Je menai hier le marquis dire adieu à madame de la Fayette, et souper chez madame de Coulanges. Je le mène tantôt chez M. de Pomponne, chez madame de Vins et la marquise d’Uxelles ; demain chez madame du Pui-du-Fou et madame de Lavardin, et puis il attendra son oncle, et partira sur la fin de la semaine ; mais, ma ehère enfant, soutenez un peu votre cœur contre ce voyage, qui n’a point d’autre nom présentement. Parlons un peu de Pauline, cette petite grande fille, tout aimable, toute jolie ; je n’eusse jamais cru que son humeur eût été farouche, je la croyais tout de miel : mais, mon enfant, ne vous rebutez point ; elle a de l’esprit, elle vous aime, elle s’aime elle-même, elle veut plaire ; il ne faut que cela pour se corriger, et je vous assure que ce n’est point dans l’enfance qu’on se corrige ; c’est quand on a delà raison ; l’amour-propre, si mauvais à tant d’autres choses, est admirable à celle-là ; entreprenez donc de lui parler raison, et sans colère, sans la gronder, sans l’humilier, car cela révolte ; et je vous réponds que vous en ferez une petite merveille. Faites-vous de cet ouvrage une affaire d’honneur, et même de conscience : apprenez-lui à être habile ; c’est un grand point que d’avoir de l’esprit et du goût comme elle en a.

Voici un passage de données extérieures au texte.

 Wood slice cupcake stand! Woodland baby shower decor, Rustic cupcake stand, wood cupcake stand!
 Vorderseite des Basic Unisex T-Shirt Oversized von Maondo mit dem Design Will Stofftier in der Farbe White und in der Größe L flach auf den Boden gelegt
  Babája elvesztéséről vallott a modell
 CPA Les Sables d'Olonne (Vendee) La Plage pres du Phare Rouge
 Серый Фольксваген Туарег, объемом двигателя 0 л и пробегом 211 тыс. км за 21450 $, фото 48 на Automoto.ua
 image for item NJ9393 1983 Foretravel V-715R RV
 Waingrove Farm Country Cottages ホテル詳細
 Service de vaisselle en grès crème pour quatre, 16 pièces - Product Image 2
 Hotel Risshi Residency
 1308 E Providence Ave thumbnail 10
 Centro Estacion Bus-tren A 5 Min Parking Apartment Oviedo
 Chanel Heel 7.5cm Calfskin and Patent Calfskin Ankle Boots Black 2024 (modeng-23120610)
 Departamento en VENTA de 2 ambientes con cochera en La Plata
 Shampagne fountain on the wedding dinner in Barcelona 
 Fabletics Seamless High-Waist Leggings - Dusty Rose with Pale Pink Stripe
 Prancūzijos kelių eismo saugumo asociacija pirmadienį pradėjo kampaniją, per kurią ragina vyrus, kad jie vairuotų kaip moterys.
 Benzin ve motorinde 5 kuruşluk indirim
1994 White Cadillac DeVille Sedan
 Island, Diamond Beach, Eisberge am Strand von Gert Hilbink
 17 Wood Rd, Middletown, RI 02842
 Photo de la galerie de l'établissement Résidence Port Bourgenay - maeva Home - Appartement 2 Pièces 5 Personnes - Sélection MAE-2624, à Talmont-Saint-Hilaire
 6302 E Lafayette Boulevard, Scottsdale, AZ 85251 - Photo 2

Est/ter n’est pas encore imprimée. J’avais bien envie de dire un mot de vous à madame de Maintenon, je l’avais tout prêt : elle fit quelques pas pour me venir dire un demi-mot ; mais comme le roi, après ce que je vous ai mandé qui s’était passé, s’en allait dans sa chambre, elle le suivait, et je n’eus que le moment de faire un geste de remerciement et de reconnaissance ; c’était un tourbillon. M. de Meaux me demanda de vos nouvelles. Je dis à M. le Prince, en courant : Ah ! que je plains ceux qui ne sont pas ici ! Il m’entendit, et tout cela était si pressé, qu’il n’y avait pas moyen de placer une pensée : vous croyez bien cependant que j’en mourais d’envie. Racine va travailler à une autre tragédie, le roi y a pris goût, on ne verra autre chose ; mais l’histoire d’Esther est unique ; ni Judith, ni Ruth, ni quelque sujet que ce puisse être, ne saurait si bien réussir.